A Around my waist with both hands.
Q Okay. What did you do?
A I held on to the railing so he couldn't pull me in. And I screamed. And he says, "My God," and walked away, leaving the apartments.

(Italics ours.) Her testimony gives rise to, at the minimum, an inference that the defendant had either entered or was effecting an entrance to her apartment at the time the assault took place. That action in combination with the requisite intent and the assault constitutes first-degree burglary. Although the evidence of entry or entering is not conclusive, the persuasiveness of that evidence is within the jury's province and not a matter for consideration by the trial judge in a motion to dismiss. See State v. Randecker, supra. Consequently, it was unnecessary for the trial court to consider defendant's construction of RCW 9A.52.020(1). A trial court's correct ruling will not be disturbed on appeal merely because it was based on an incorrect or insufficient reason. Pannell v. Thompson, 91 Wash. 2d 591, 589 P.2d 1235 (1979).

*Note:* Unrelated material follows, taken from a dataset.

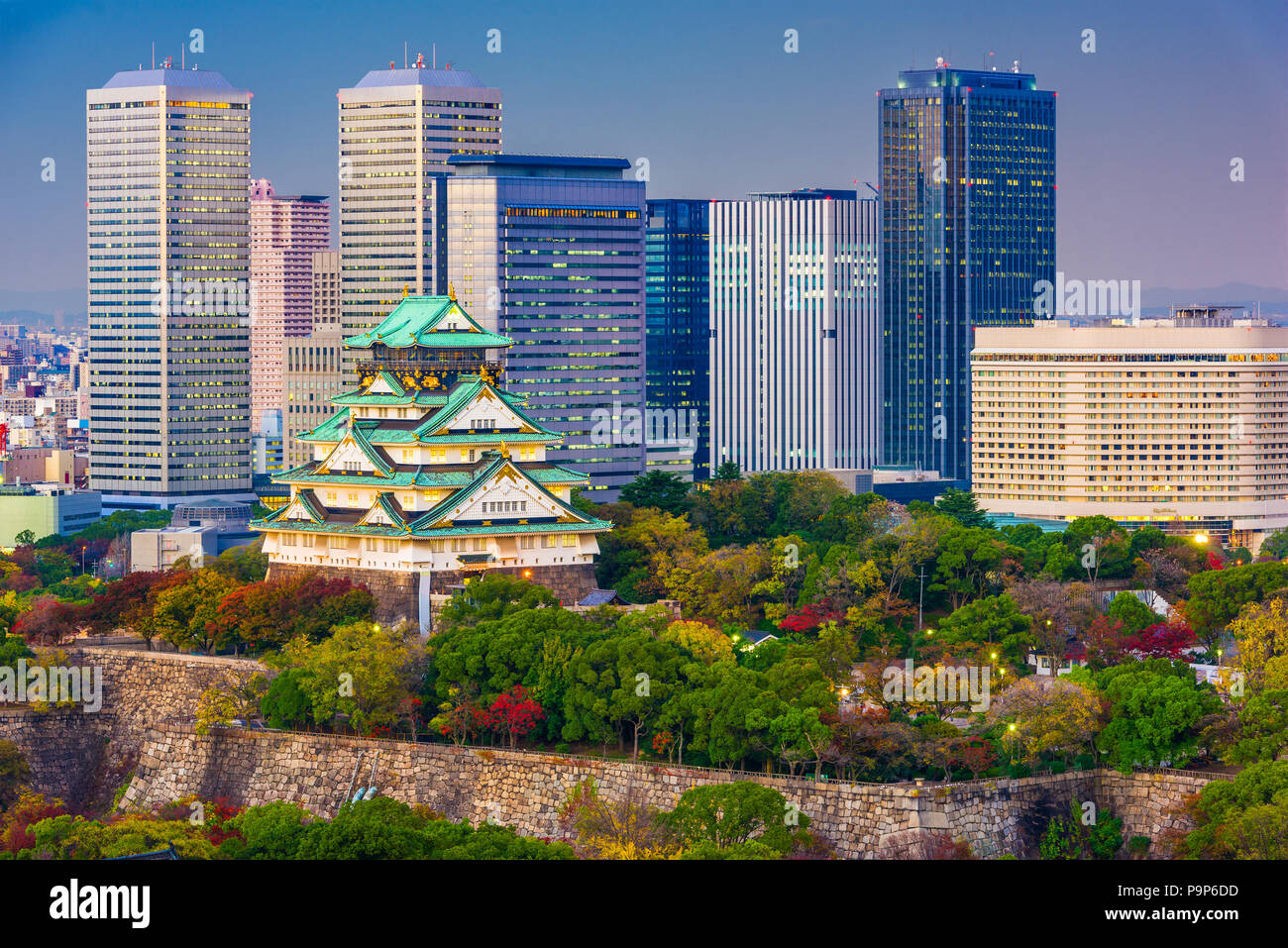 Osaka, Japan city skyline at the castle and business park at dusk in autumn. Stock Photo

Defendant's final assignment of error concerns an allegation of double jeopardy allegedly occurring because defendant's convictions of first-degree burglary and second-degree assault arose from the single attack on the victim just outside the manager's apartment. Defendant complains that the same assault cannot provide the element of aggravation in the charge of first-degree burglary as well as the basis for an independent conviction of second-degree assault. *290 However, despite defendant's reasonably persuasive argument and the recent dictum in State v. Johnson, 92 Wash. 2d 671, 677, 600 P.2d 1249 (1979), defendant's oversight regarding the consequences of his first attack on the victim at her apartment door provides the answer to this assignment of error. As noted above, the State presented a prima facie case of first-degree burglary in its proof of the circumstances surrounding the first attack at the victim's door. The assault elevating the crime to burglary in the first degree was the struggle in the victim's doorway. The State further proved a prima facie case of second-degree assault (with intent to rape) from defendant's second attack upon the victim just outside the manager's apartment door.

Contrary to defendant's argument, separate assaults were involved in the charge of first-degree burglary and second-degree assault. Accordingly, defendant's allegation of double jeopardy is not supported by the evidence. Because no error is assigned to the jury instructions, none is considered.

Finding no merit to defendant's assignments of error, we affirm.

PEARSON and PETRIE, JJ., concur.

NOTES

[1] RCW 9A.52.020(1) provides:

"Burglary in the first degree. (1) A person is guilty of burglary in the first degree if, with intent to commit a crime against a person or property therein, he enters or remains unlawfully in a dwelling and if, in entering or while in the dwelling or in immediate flight therefrom, the actor or another participant in the crime (a) is armed with a deadly weapon, or (b) assaults any person therein." (Italics ours.)